Another recent identified independent prognostic factor is preoperative 18F-FDG PET uptake. Lee et al. (58) evaluated retrospectively 59 HCC patients who underwent LDLT according to PET positivity (defined as TSUVmax/LSUVmax of 1.15 or more). The 2-year recurrence-free survival rate was 97% for patients PET-negative and 42% for patients PET-positive (P<0.001). The same institution reported 22 patients with far advanced HCC (including 11 cases with macrovascular invasion) who underwent LDLT, the 2-year disease free survival rate was 23.9%. Nonetheless, the selected patients with low AFP (<200 ng/mL), and PET-negative, exhibited an outstanding 2-year recurrence-free survival of 66.7% (59).
On the other hand, some concern has been raised regarding the LDLT for HCC, when some series reported higher tumor recurrence in LDLT patients when compared to DDLT. In 2007, Fisher et al. (60) reported the initial results of the Adult-to-adult Living Donor transplantation Cohort Study (A2ALL), encompassing nine American centers. Fifty-eight LDLT were performed and the 3-years recurrence rate in LDLT and DDLT recipients was 29% and 0%, respectively (P=0.002). In 2012, Kulik et al. (40) published the updated results of A2ALL cohort, with 100 LDLT and 97 DDLT. The 5-year recurrence rate remained higher in LDL group (38% vs. 11%, P=0.01). In both reports, nevertheless, patients were more likely to have higher AFP serum levels, microvascular invasion, larger tumors or tumors beyond Milan and UCSF criteria. They also were less likely to receive pretransplant ablation therapy (59% vs. 79%, P=0.03), which reflected in a shorter transplant waiting time.

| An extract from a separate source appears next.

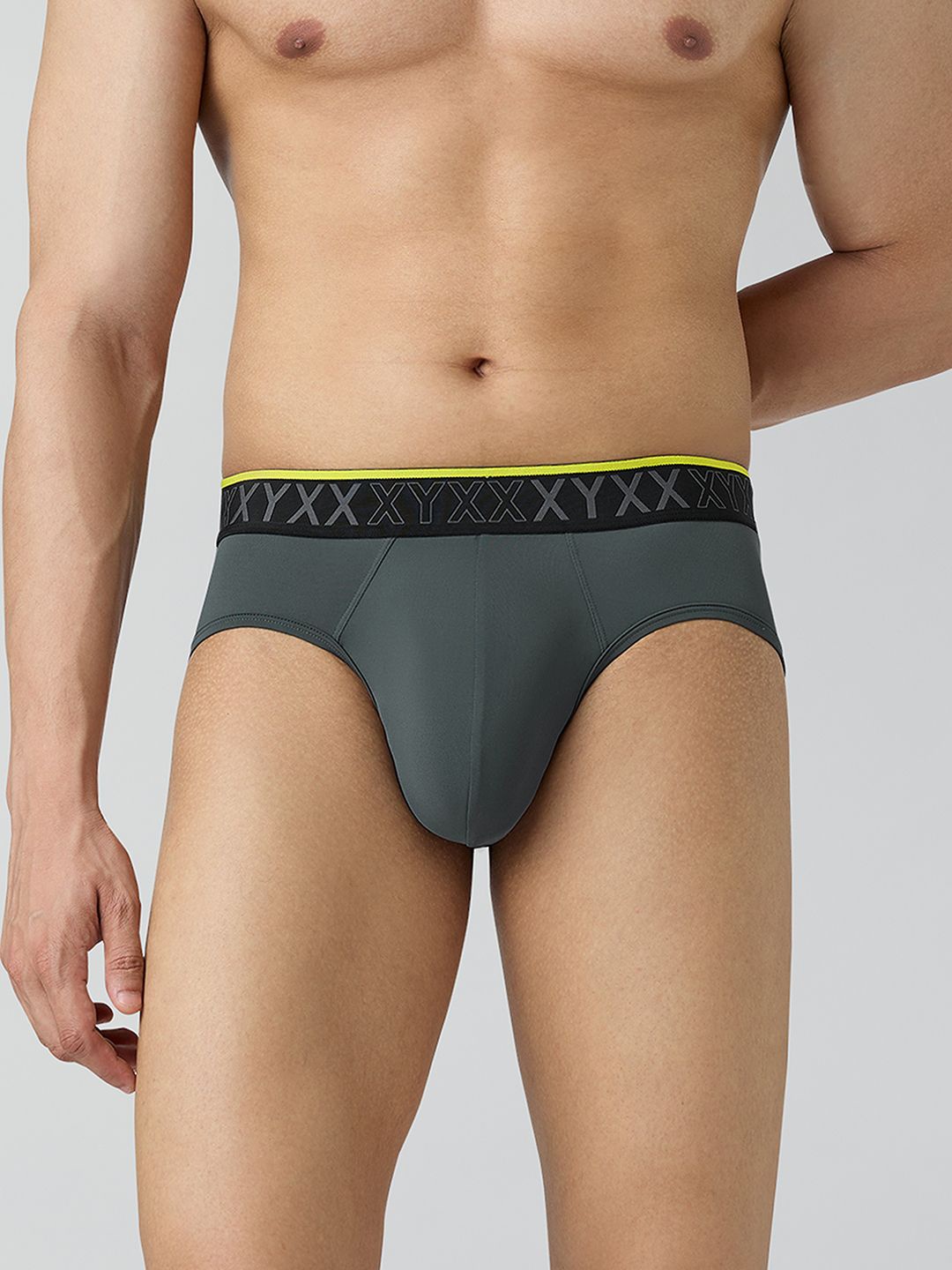 

XYXX Men Solid Zest Tactel Pop Briefs Underwear, Grey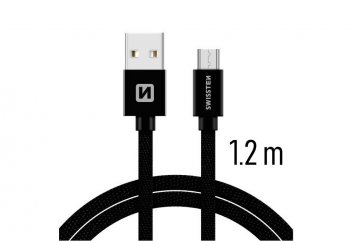 Datový kabel Swissten Textile USB / Micro USB 1,2…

Thereby, the authors concluded that the differences in outcome between LTLD and DDLT were more probably the result of patient selection rather than the type of graft per se. Despite the mentioned selection-bias, several hypothesis were made to explain these findings, including faster tumor progression due cytokine and growth factors released during liver regeneration, which is accentuated in LDLT (61,62). Another theory linked small-for-size grafts with higher endothelial growth-factor expression and consequently angiogenesis (63). More recent studies, however, have questioned these hypotheses (64).
The waitlist for transplantation seems to jeopardize recipients with potential curable HCCs, due the constant risk of cancer progression beyond accepted staging criteria. A recent meta-analysis reported dropout rates ranging from 9.2% to 31% (65). As the procedure is virtually done without any delay, LDLT minimizes this risk. Bhangui et al. (66) reported the waiting time for LDLT patients (2.8±2.4 months) significantly shorter than DDLT (7.9±9 months; P<0.001) in the same institution. Waiting time can be even shorter in others centers where LDLT is performed within a median of 44 days (25). Therefore, LDLT for patients with HCC is a more inclusive option, minimizing (or almost excluding) the risk of dropout.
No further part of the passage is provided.